Plans to increase headcount in the US, mainly in the banking and finance vertical.

Wipro, India’s third-largest IT outsourcing company, is scouting the US market for talent to manage its growing consultancy business. The company is increasing headcount in the US, primarily in the banking and financial services consulting vertical.

“Around half of our consultant base works locally in the US and in Europe. We are localising our hiring for consulting services in these geographies through significant hiring at senior levels and also through campuses,” said Anurag Srivastava, vice-president, Wipro Consulting Services. Within consulting, the company is increasing its focus on the key segment, banking risk and compliance consulting practice in the US market, where it plans to hire about 300 professionals with strong domain-skills.

 

Industry sources said that high-end consulting assignments were springing up in the US, thanks to a number of banks migrating to core banking solutions in line with Basel II requirements.

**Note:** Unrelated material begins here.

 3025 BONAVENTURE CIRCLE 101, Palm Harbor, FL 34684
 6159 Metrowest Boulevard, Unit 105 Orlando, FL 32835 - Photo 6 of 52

“Consulting jobs require all-round skills and knowledge of banking regulations, besides strong understanding of technology services. The banking risk and compliance practice requires close interactions between account teams, service line owners and the domain consulting team, besides a strong go-to-market strategy. Wipro is looking at people who can provide domain-centric solutions, who can collaborate actively on solution development with the business transformation and BPO teams,” according to a human resources industry source.

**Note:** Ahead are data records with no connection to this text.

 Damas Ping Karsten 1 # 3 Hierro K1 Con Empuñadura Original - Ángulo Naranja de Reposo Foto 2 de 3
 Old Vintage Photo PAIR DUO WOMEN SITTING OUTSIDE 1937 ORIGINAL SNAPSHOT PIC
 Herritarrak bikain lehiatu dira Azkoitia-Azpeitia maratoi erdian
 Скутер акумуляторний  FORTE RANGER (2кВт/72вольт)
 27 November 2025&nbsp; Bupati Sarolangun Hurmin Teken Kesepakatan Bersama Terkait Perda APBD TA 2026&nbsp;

Srivastava said that given the current economic context and pressure on the BFSI segment, Wipro saw business and operational risk and compliance as a focus area. “The differentiation here is to derive business value from compliance. We do not see a particular skew on shared services, but any transformation of business models that can yield high short-term as well as long-term cost efficiency are clearly welcome.”

He added that increasing protectionism in the US and Europe was leading to IT companies stepping up their hiring plans in these geographies. Wipro was aware of the risks of protectionism, and since January this year, has added a good number of senior team members in the F&A (Finance & Accounting), Business Risk and Business Transformation, Change Management and key industry segments. The company is also looking at hiring fresh recruits from campuses.

The consulting business for Wipro, which was not looking up till January this year, has seen a significant rise in February-March, especially in the US. Wipro and rivals like TCS, Infosys and HCL expect to see continued demand for specialised consultants in the coming quarters.

“The synergy of technology and process creates innovative value which will bring down cost of operations. Hence, specialisation will be in great demand,” Srivastava said.

Wipro showed consolidated revenues of Rs 25,700 crore in fiscal 2009.

Cash and bank balances at the end of the fourth quarter ended March 31, 2009 totalled Rs 4,900 crore. About 8 per cent of Wipro’s 97,810 employees in FY 2009 were non-Indian.